It could hardly be *worse *than it sounds…
No. But I have had fresh on three occ, and once when everything was very fresh and very well prepared, it was OK. Thus, I assume that canned can’t be very fresh. If I am wrong, and it’s one of those rare foods that ttstes better canned than fresh, then I’ll buy and eat a can.
Lutefish made me gag. Literally.
They also have canned Spotted Dick!
But, alas, no canned faggots.
In Highlander:
Sean Connery: <puzzled> What is haggis?
Christopher Lambert: A sheep’s stomach stuffed with meat and barley!
SC: What do you do with it?
CL: You eat it!
SC: <grimacing> How revolting!
If tough guy Sean Connery is repelled…run! Run for your lives!
Errrr… Metaphorically?
Not to add to the chorus but, Canned? Wow.
With a* lot* of Scotch. My theory is that haggis was invented as an excuse to drink Scotch because you need something to wash it down and take the taste away.
It will taste best if you do not remove the can.
Or,
Remove frocan and place in pot. Put brick in pot with the haggis. Heat until brick turns a darker red. Eat Brick.
Am I confused, or is haggis really nothing more than a kind of sausage? From the descriptions I have heard, it doesn’t sound a whole lot different to a pig intestine stuffed with spiced, ground “variety” meats and cereal filler (otherwise known as a hot dog.)
I’ve had canned spotted dick. Turns out it’s raisin bread! Who’d’a thunk it?
I am in awe of someone who’d eat something called ‘spotted dick’ who didn’t know it was a cake.
I’ve had canned haggis.
It tasted almost exactly like (canned) corned beef hash, maybe slightly more oniony. If I hadn’t opened the can myself, I’d have assumed on tasting that that’s what it was.
Ah, lutefisk. My understanding, from years of living in Minnesota where you’re supposed to eat it, is that it’s not eaten in Scandinavia–it’s a purely immigrant food (supposedly started when the lye-stored fish on the boats went bad.)
I’ve had it (lutefisk) served to me, but never tasted it. A cousin of mine described its appearance perfectly: “boiled snot.”
Haggis? Best appreciated at gunpoint.

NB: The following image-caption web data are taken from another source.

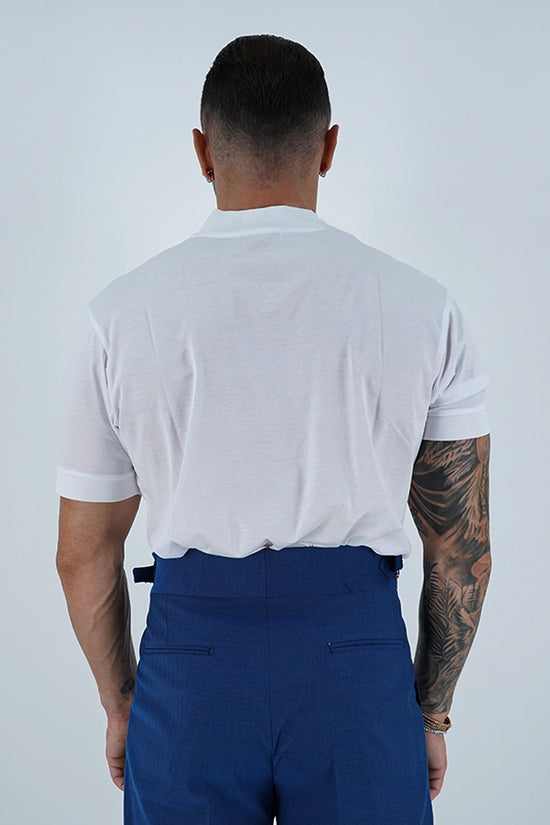 T-Shirt in Filo di Scozia | Scollo a V| Bianco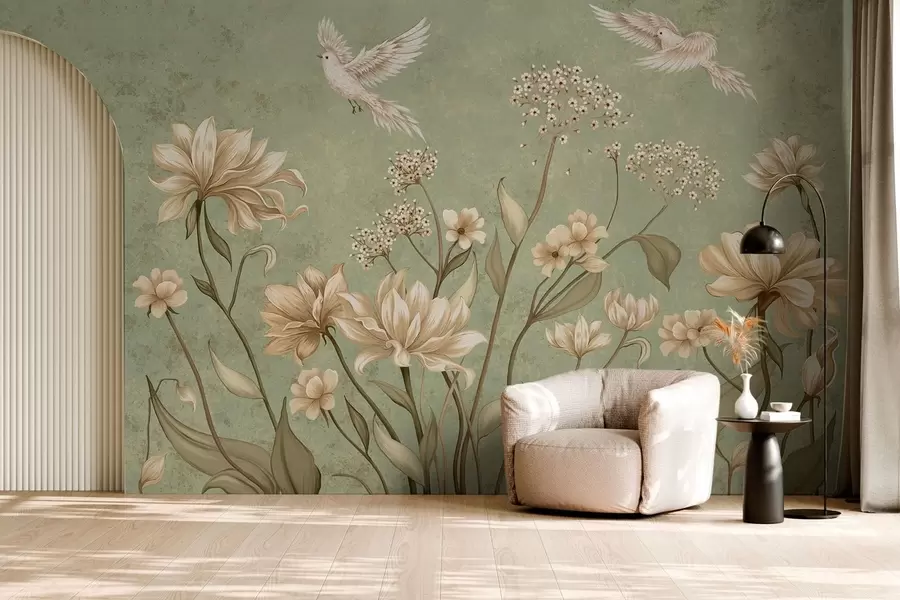 murales de pared Flores y pájaros sobre un fondo verde con textura w05118v1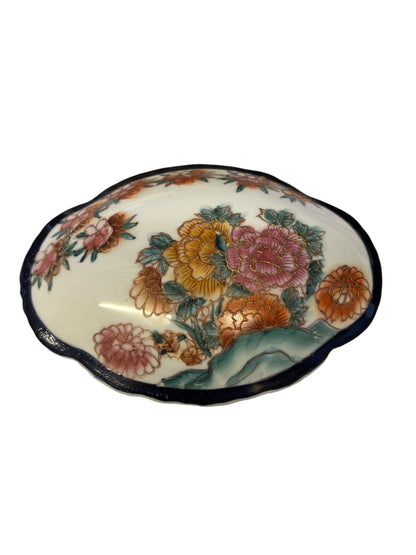 12637 - Vintage - 6" Satsuma Oval Trinket Box |F-15|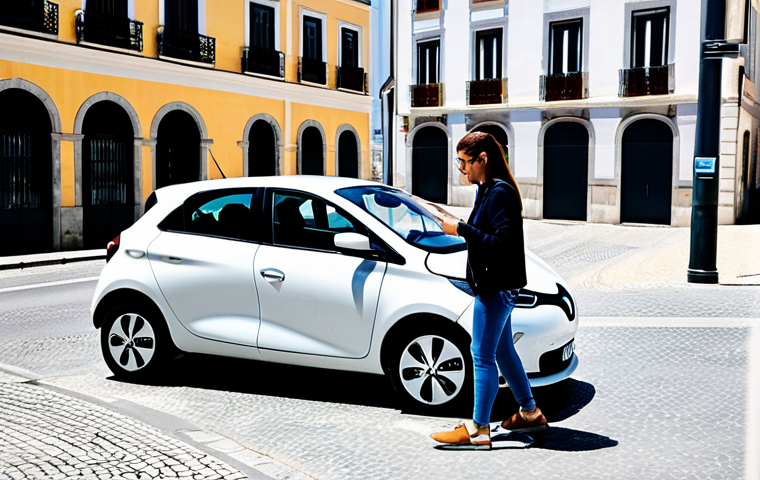 공유 자동차 - Modern Car Sharing in Lisbon**
"A fully clothed, professional young woman unlocks a modern electric...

The flavor says “It can’t get any worse!” but the faint odor of Cordite and linseed oil says “Oh yes it can!”
Yes, it’s certainly a sausage by any scientific definition, but that probably doesn’t help, because you could put just about anything in a casing - it’s the ingredients that make it what it is. I think haggis is more like hamburger or meatloaf than sausage, but that’s probably still a bit like saying tangerines are more like otters than ocelots.

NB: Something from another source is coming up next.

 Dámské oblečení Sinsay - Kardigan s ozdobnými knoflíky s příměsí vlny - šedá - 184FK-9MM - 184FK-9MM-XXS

Haggis is a very distinctive foodstuff, worth trying just to say that you’ve been there. A good haggis is actually worth eating purely on its own virtues, but it does seem unlikely that the canned variety will be excellent.
I’d say you have a can of something resembling unusual meatloaf. Slice and fry it, if it looks like it will stand that treatment.

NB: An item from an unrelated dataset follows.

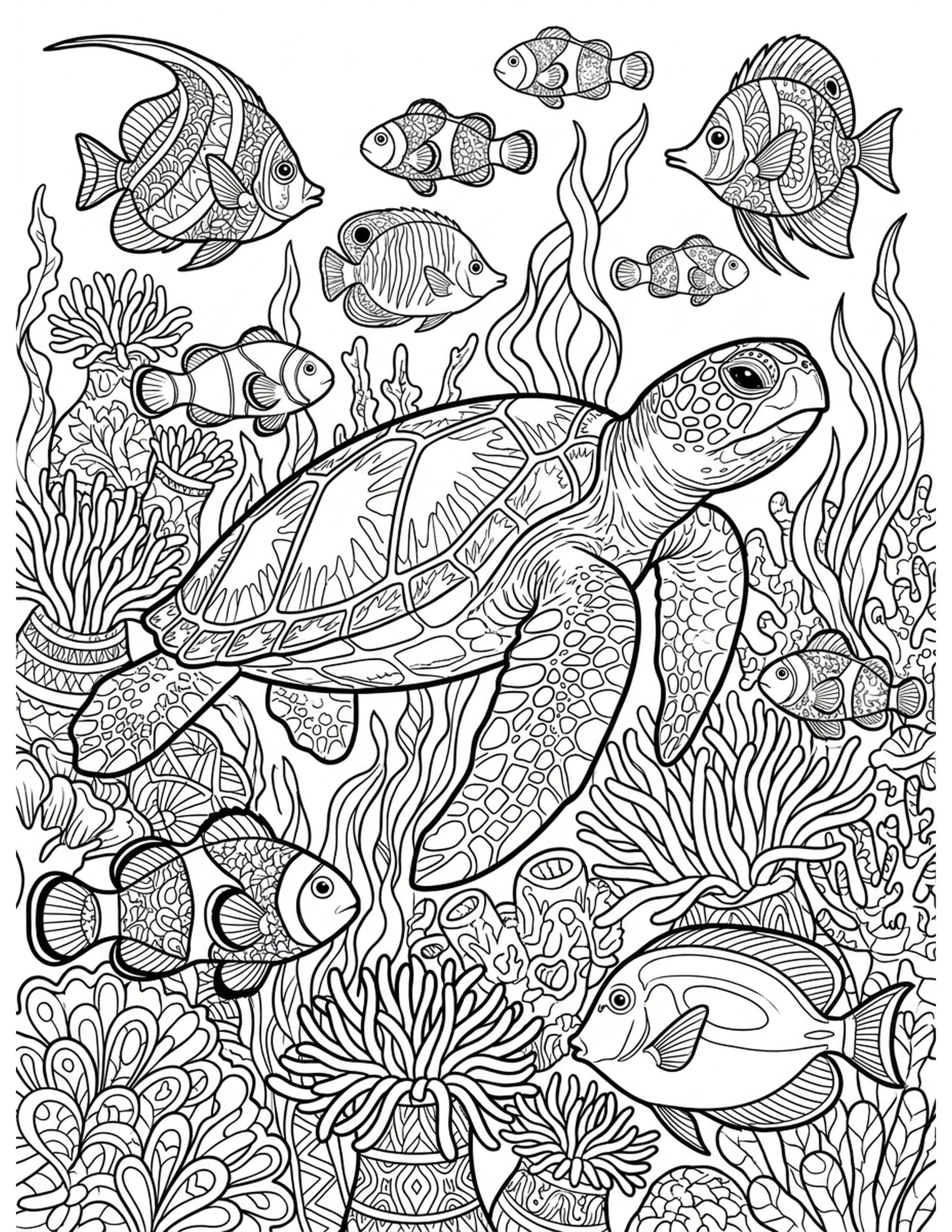 Sea Turtle Swimming in Coral Reef Coloring Page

As a Scot I dabble with a spicy haggis about once a month, dipped in batter and deep-fried from the chipper. It’s brilliant.
If you want to do that I would add some heat to it with chilli powder or whatever and then freeze it before battering it and deep-frying (to stop it from breaking apart).
My friend makes moussaka with haggis instead of mince and it’s great. Or you could just stuff a chicken with it.
Canned haggis? It’s just plain wrong! I buy mine from here although I doubt they ship outside the UK.
If you’re having it with neeps and tatties, make sure your neeps are the right sort! You want the orange ones, not the white ones…
So that would actually be swede rather than turnip. Swede is known as rutabaga in some parts of the world.
Isn’t a swede a yellow turnip?
I have to say this is the first time in a while I’ve read something that’s made me laugh so hard I’m crying…
Yes it would. In Scotland, Swede is called turnip which makes life very confusing especially when you live with a Scotsman who constantly insists that he’s right when I know perfectly well that swede is orange…
Apparently it was originally called Swedish Turnip!
Were I a meat-eater, I think I’d have no choice but to try it. Fortunately, I can fall back on my vegetarianism here.
There is a recipe for vegan haggis , but that does seem to be truly unneccesary.
No, although they are quite closely related; swede is Brassica napus - botanically the same species as Rape(seed), turnips are Brassica rapa - botanically the same species as Bok Choi (the white ‘chinese leaves’ cabbage)
It is worth noting, however, that Brassica species are often quite promiscuous/interfertile, which may indicate that the gaps between the species are not all that broad.